Schools Superintendent Gregory Hutchings, Jr. and T.C. Principal Peter Balas broke the news to more than 700 graduating seniors last week that the ceremony at George Mason University’s Eagle Bank Arena on June 13 has been canceled.

“Graduation… is not going to happen as it traditionally does because of the large gatherings that graduation or a commencement ceremony requires,” Hutchins said in one of his daily videos. “But we are still working with our seniors and also with our staff members to develop an innovative approach to actually have some form of a commencement ceremony or graduation ceremony for the class of 2020 and we’re going to have more information for you all about that soon.”

The 2020 yearbooks are also nearly complete and will be sent to students.

T.C. senior Peter Moser told Theogony, the school newspaper, that while it’s disappointing to miss prom and graduation, “I would rather have my grandparents alive.”

“There’s a huge risk to having both of those events, so canceling them was the right choice,” Moser said. “Hopefully, we will still be able to have a graduation ceremony in the summer or something.”

Governor Ralph Northam on March 23 ordered all schools to be closed for the remainder of the year. Alexandria’s public schools were already shut down until the end of spring break, and ACPS staff are currently working on a continuity plan for the rest of the year.

“We’re working right now with the Virginia Department of Education,” Hutchings said. “They will be submitting a waiver to the U.S. Department of Education to waive some of the graduation requirements, so that we can ensure students are not penalized for the school closures that will occur for the remainder of this year.”
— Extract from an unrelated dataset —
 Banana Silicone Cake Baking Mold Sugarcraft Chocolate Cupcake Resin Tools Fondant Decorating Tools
The state department of education is also submitting an application to the U.S. Department of Education to wave requirements for students who still need to take standards of learning exams or earn industry credentials.
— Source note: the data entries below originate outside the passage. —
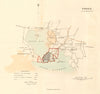 POOLE borough/town plan for the REFORM ACT. Parkstone. Dorset. DAWSON 1832 map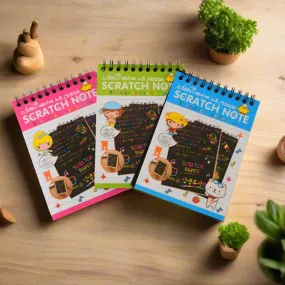 Set of 3 Small Kids Scratch Notebooks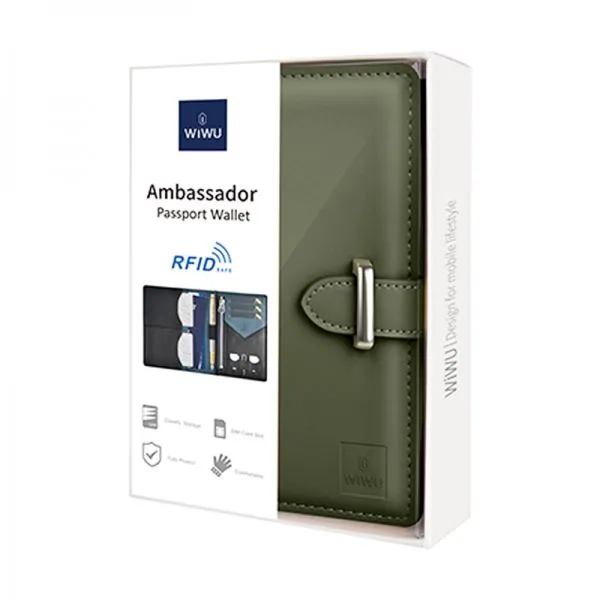 WIWU Ambassador পাসপোর্ট ওয়ালেট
“Once that application is approved, we will be able to still have our seniors, graduate with a standard or an advanced diploma from TC Williams,” Hutchings said.

T.C. will also not have its traditional National Decision Day, where seniors commit to colleges with letters of intent.

Balas sent a letter to students informing them of the decisions and said that advanced placement exams will still be taking place, but will be shorter and online. The exam schedule will be available on April 3 from the College Board.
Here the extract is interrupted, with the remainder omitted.